PRESENTATION DES MODELES DE CONCEPTION
Description initiale des modèles de conception
Les modèles sont présentés dans l’ordre suivant : modèles centrés sur l’usage, sur les systèmes, sur la situation, sur la transition.
Les modèles centrés sur l’usage
Les modèles centrés sur l’usage sont axés sur l’utilisation finale d’un produit. Ils se centrent sur l’étude des interactions entre les humains et les objets de conception (ISO, 2010; Law et al., 2014; Lieber and Fass, 2011). Le but de ces modèles est de résoudre les problèmes opérationnels liés à l’usage des systèmes SP par une compréhension claire des besoins des utilisateurs. Dans certains cas, de tels modèles sont également adaptés pour résoudre des problèmes fonctionnels et s’intéressent ainsi à l’usage plus complexe des systèmes SP. Même si le système sociotechnique est pris en compte dans ces méthodes, le processus de conception lui-même est plus centré sur les besoins de l’utilisateur final et donc sur la conception des systèmes SP et TP. Initialement conçus pour intégrer les utilisateurs dans le processus de conception des systèmes logiciels pour résoudre les problèmes ergonomiques, ces modèles offrent un cadre d’analyse très complet des besoins des utilisateurs et proposent, à cet effet, des outils de collecte robustes de ces besoins (Garrett, 2010).

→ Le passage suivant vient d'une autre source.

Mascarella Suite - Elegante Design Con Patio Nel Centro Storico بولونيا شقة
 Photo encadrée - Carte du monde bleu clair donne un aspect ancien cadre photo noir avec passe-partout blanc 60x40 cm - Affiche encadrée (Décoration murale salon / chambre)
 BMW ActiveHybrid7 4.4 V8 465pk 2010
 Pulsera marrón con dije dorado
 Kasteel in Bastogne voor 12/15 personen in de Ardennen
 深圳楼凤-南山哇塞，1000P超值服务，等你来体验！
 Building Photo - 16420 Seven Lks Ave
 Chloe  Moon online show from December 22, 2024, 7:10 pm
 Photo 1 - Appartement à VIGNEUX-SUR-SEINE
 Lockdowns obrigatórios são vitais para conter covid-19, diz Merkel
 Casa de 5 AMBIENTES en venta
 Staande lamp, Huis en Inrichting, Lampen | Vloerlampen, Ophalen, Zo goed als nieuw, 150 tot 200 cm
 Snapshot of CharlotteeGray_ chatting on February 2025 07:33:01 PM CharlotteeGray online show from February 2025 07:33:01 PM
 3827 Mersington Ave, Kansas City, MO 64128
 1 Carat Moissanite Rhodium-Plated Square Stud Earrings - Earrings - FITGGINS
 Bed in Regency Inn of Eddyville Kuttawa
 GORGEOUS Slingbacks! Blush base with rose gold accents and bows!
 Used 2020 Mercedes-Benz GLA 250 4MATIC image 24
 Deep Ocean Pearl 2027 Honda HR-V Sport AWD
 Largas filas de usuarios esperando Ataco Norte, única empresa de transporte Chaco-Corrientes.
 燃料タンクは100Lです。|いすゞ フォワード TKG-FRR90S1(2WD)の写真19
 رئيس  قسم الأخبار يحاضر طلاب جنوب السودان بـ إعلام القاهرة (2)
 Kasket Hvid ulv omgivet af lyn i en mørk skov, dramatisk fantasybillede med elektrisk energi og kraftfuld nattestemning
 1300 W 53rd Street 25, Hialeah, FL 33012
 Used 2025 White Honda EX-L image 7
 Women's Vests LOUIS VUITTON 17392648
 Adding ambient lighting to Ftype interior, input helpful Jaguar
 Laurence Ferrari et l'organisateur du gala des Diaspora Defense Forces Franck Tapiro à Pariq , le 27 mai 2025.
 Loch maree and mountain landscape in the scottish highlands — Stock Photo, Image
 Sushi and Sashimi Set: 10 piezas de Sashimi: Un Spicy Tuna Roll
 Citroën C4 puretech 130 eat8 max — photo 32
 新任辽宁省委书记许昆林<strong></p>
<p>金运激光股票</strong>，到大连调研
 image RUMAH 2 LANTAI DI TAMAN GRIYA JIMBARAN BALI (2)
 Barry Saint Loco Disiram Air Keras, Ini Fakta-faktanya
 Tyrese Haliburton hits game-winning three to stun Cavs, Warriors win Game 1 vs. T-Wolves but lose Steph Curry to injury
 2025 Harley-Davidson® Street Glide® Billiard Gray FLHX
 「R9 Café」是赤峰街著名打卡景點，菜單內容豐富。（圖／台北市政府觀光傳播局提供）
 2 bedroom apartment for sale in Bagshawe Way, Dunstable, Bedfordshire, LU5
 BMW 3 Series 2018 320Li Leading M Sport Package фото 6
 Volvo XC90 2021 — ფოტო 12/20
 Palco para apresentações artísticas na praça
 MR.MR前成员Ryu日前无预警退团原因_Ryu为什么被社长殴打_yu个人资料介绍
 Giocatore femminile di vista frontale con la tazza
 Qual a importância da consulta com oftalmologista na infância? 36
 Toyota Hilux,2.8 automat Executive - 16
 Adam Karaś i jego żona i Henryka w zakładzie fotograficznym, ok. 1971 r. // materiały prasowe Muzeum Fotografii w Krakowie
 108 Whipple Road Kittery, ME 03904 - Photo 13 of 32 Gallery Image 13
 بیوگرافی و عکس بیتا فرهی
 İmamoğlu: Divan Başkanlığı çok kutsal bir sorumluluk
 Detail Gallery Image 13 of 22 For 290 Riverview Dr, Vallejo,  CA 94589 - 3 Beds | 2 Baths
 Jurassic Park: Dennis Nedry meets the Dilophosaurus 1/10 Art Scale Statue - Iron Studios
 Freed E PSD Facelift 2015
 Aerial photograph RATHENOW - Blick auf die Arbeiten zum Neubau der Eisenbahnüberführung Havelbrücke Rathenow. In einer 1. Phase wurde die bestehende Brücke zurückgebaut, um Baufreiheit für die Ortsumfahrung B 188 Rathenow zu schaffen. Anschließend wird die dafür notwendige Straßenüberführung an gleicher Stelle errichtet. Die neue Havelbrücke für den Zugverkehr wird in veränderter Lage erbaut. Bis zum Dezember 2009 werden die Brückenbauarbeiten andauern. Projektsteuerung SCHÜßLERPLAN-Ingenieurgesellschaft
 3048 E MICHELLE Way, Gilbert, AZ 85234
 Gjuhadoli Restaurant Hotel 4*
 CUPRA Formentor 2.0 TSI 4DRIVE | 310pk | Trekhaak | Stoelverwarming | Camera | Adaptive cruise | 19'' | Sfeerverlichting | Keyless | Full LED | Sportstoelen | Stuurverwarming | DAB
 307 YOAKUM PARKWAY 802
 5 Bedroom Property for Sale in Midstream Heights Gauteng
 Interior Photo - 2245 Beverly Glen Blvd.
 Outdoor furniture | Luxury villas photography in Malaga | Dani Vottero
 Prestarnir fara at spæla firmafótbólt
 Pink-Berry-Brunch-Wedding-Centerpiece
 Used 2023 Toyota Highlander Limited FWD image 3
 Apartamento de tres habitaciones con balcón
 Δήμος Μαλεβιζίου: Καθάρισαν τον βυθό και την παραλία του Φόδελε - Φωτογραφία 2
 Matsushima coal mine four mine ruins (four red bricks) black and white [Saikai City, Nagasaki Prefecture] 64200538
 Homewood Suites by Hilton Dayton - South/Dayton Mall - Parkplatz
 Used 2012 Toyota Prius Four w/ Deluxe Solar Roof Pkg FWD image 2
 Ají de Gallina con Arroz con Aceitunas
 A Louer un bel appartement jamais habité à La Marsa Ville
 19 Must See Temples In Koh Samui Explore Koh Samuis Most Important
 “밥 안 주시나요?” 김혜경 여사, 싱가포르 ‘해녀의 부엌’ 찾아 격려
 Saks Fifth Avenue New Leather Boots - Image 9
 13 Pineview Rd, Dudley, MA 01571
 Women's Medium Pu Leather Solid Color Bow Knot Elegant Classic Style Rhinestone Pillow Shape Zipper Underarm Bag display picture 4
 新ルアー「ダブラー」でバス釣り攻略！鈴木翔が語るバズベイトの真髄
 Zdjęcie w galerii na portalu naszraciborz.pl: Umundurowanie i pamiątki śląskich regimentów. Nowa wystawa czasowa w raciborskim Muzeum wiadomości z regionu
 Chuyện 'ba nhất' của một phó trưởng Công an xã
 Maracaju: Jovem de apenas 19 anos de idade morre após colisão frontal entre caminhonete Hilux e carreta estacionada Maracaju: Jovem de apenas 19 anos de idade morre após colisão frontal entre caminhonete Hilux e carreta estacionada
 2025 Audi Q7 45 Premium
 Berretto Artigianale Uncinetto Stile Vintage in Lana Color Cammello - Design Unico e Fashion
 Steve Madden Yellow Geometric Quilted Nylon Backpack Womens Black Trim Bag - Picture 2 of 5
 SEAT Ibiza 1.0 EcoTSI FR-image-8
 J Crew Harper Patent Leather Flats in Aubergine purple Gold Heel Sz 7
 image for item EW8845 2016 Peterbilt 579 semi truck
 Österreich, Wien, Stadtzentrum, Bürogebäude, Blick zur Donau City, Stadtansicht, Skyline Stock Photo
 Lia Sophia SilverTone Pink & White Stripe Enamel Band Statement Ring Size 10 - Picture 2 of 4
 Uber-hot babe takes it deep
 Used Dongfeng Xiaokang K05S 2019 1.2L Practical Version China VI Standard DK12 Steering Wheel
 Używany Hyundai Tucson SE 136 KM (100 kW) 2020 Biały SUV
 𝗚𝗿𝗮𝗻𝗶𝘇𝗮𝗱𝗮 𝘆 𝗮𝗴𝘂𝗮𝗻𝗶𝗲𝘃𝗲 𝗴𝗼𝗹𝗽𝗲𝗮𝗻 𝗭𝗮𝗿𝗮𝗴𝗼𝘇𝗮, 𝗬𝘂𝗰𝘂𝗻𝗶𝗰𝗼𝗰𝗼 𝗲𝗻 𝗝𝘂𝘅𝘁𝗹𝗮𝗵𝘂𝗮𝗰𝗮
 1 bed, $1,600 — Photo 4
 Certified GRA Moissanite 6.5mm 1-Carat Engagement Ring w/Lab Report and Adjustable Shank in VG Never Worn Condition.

L’étude de l’acceptabilité a priori, l’acceptabilité pratique et l’acceptabilité située sont alors étudiés pour comprendre les besoins utilisateurs. De tels modèles permettent d’illustrer la complexité et l’ampleur du problème d’usage étudié. En revanche la traduction de ces données sur l’usage en connaissance opérationnelle de conception s’avère parfois compliqué et limite la performance finale de ces modèles (Convolte et al., 2016). Des méthodes telles que la conception UX ou l’approche de conception centrée sur l’humain (Pallot et al., 2013; Pallot and Krawczyk, 2016) appartiennent à ce groupe.
De plus, selon Pallot (Pallot and Krawczyk, 2016), ces méthodes de conception axent la priorité sur l’objectif de cocréation de valeur avec l’utilisateur afin d’assurer un taux plus élevé d’acceptabilité, d’acceptation et d’adoption des systèmes SP. Par ailleurs, il peut être considéré que la cocréation par l’utilisateur est un ingrédient essentiel pour la réalisation d’un processus de conception centré sur la problématique transition sociétale. Cette cocréation nécessite un engagement de l’utilisateur à chaque étape du processus de conception pour évaluer, corriger, affiner et améliorer les résultats de chaque phase de conception.
Les modèles centrés sur les systèmes
Les modèles centrés sur les systèmes sont axés sur le fonctionnement des systèmes techniques. Ces modèles sont souvent prescriptifs et centrés sur le développement d’un système SP et/ou ST spécifique. Les modèles de cycle de vie basés sur l’ingénierie des systèmes sont largement utilisés pour modéliser le fonctionnement des systèmes techniques (BKCASE Editorial Board, 2017a; Buede, 2009). L’accent est mis sur les propriétés du système plutôt que sur des technologies spécifiques. Le but de ces modèles est de produire des systèmes optimisés répondant à des exigences techniques potentiellement complexes. À cet effet, ils sont adaptés pour résoudre des problèmes d’ordre opérationnels et fonctionnels.
Différents modèles existent dans le domaine de l’ingénierie des systèmes. Le modèle V est le plus répandu (Bonjour et al., 2009; Ellis-Braithwaite et al., 2017; Paredis et al., 2013; Pohl and Sikora, 2007).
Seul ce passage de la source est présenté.